WHAT YOU ARE ASKED TO DO
Instruction for the entries that follow: retype exactly the lines from the line with "2025 Hyundai Santa" to the line with "Гостиница Солнце", both included, and omit all others.

SOURCE DATA
• • • • •
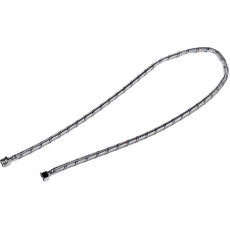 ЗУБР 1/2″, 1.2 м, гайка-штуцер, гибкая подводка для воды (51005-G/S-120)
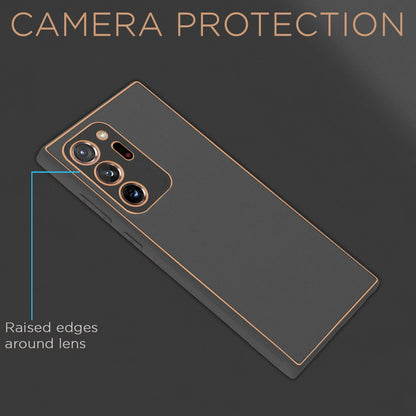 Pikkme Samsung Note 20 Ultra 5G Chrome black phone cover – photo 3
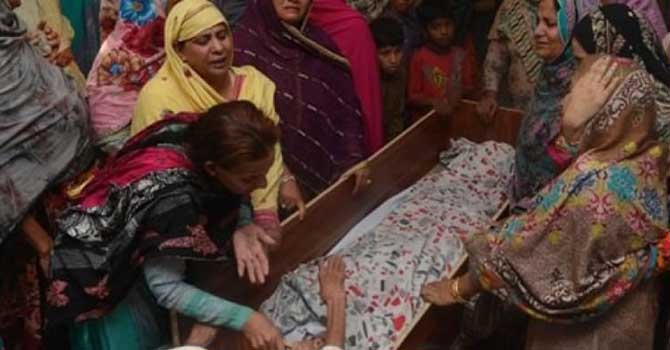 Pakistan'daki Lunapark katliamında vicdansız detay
• • • • •
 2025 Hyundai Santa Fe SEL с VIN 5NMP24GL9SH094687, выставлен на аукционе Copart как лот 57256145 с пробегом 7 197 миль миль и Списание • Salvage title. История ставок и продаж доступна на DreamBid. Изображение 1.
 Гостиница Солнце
• • • • •
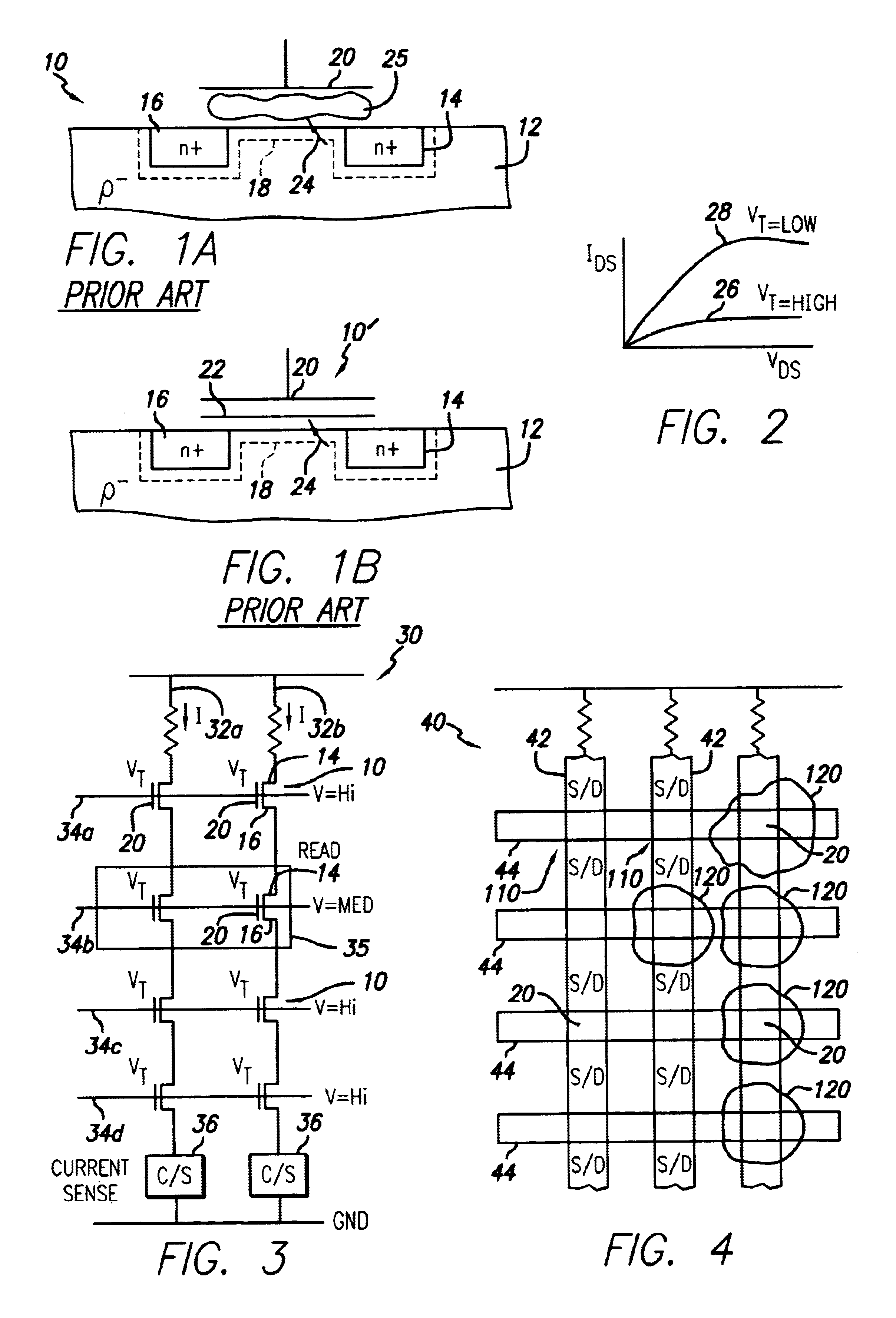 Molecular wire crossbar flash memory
• • • • •
WRITTEN REPLY
 2025 Hyundai Santa Fe SEL с VIN 5NMP24GL9SH094687, выставлен на аукционе Copart как лот 57256145 с пробегом 7 197 миль миль и Списание • Salvage title. История ставок и продаж доступна на DreamBid. Изображение 1.
 Гостиница Солнце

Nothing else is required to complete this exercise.